======== AVAILABLE DATA ========

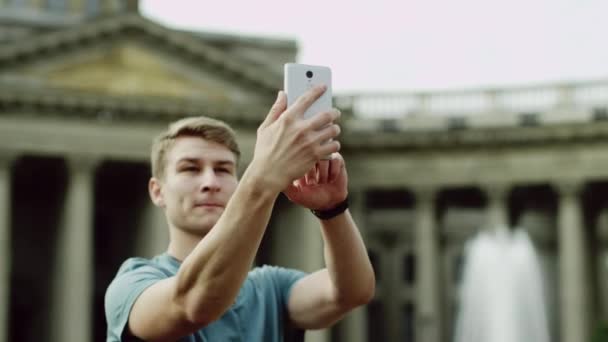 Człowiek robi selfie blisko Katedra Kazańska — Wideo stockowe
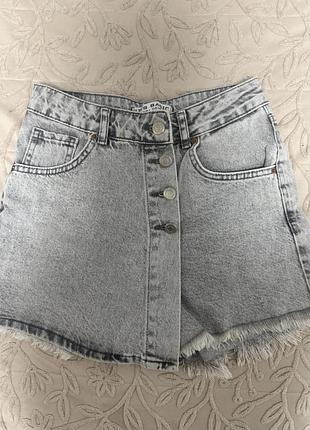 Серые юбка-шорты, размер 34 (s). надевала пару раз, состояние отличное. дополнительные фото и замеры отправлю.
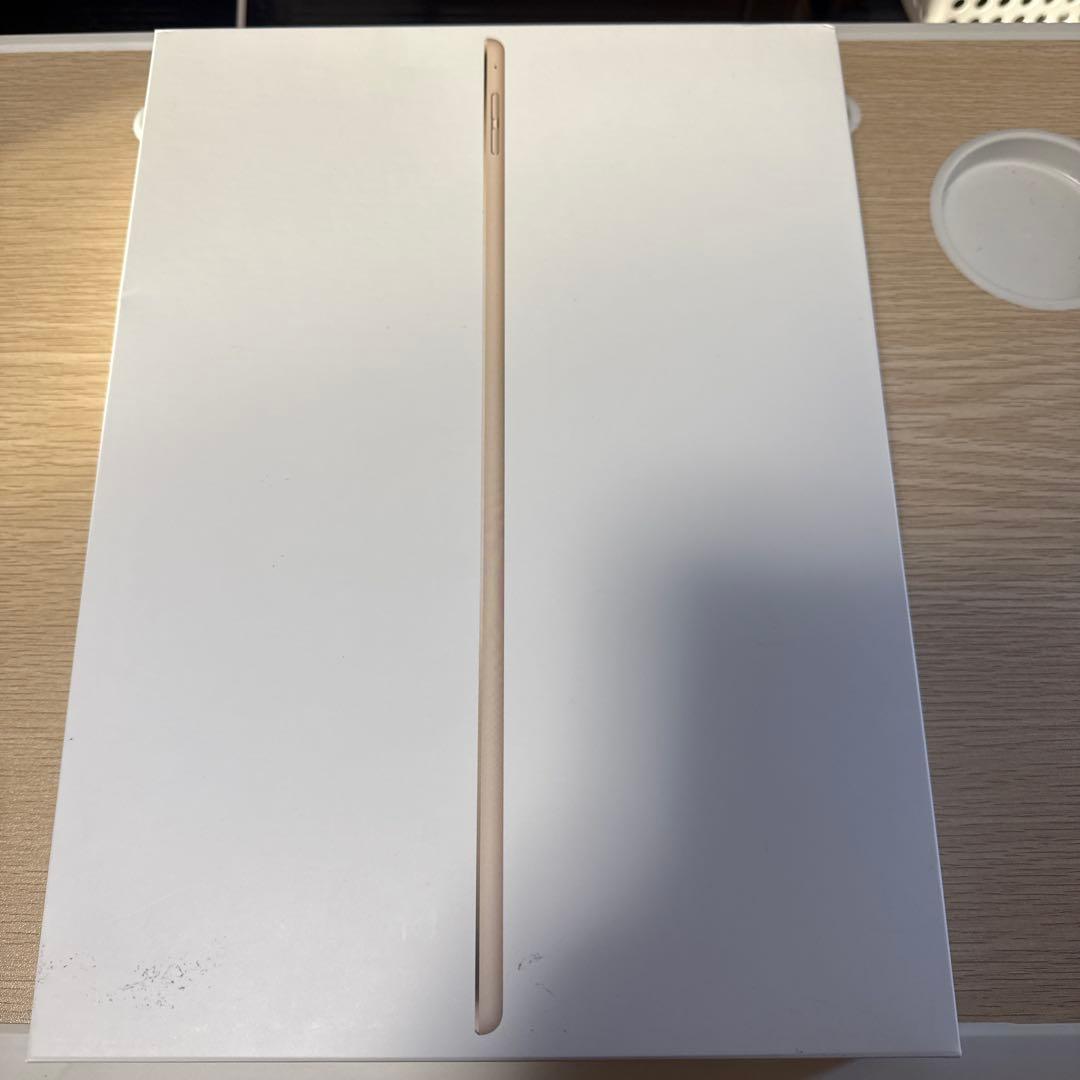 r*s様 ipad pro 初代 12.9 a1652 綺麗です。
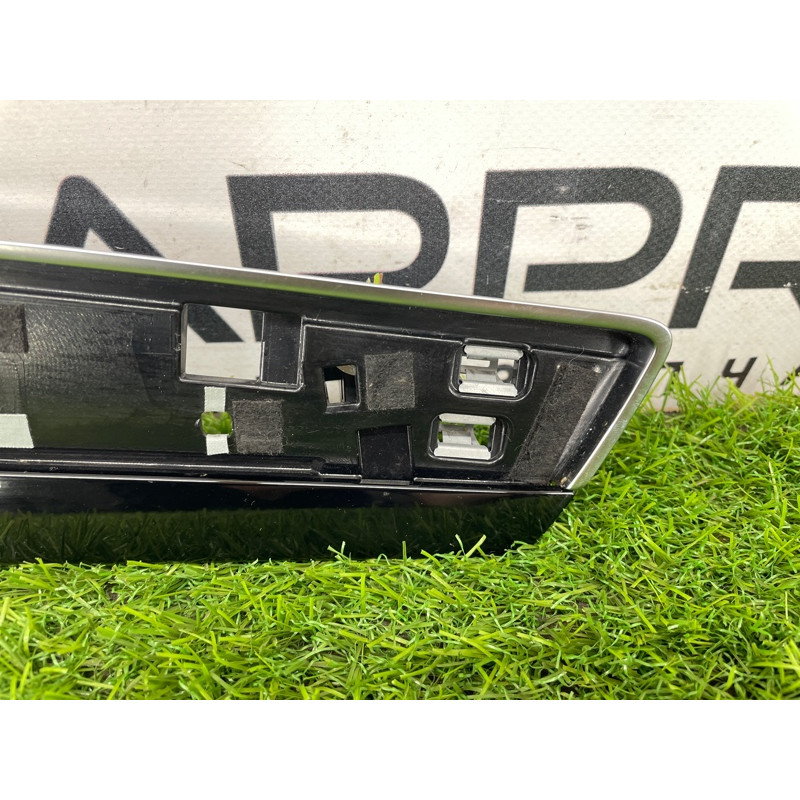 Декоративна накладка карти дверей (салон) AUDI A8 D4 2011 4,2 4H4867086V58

========

● **WHAT IS REQUIRED**
Reproduce the lines from the one with "r*s様 ipad pro 初代 12.9 a1652 綺麗です。" through the end of the data, keeping both end lines, adding nothing, and dropping any pictures.

● **FINISHED TASK**
 r*s様 ipad pro 初代 12.9 a1652 綺麗です。
 Декоративна накладка карти дверей (салон) AUDI A8 D4 2011 4,2 4H4867086V58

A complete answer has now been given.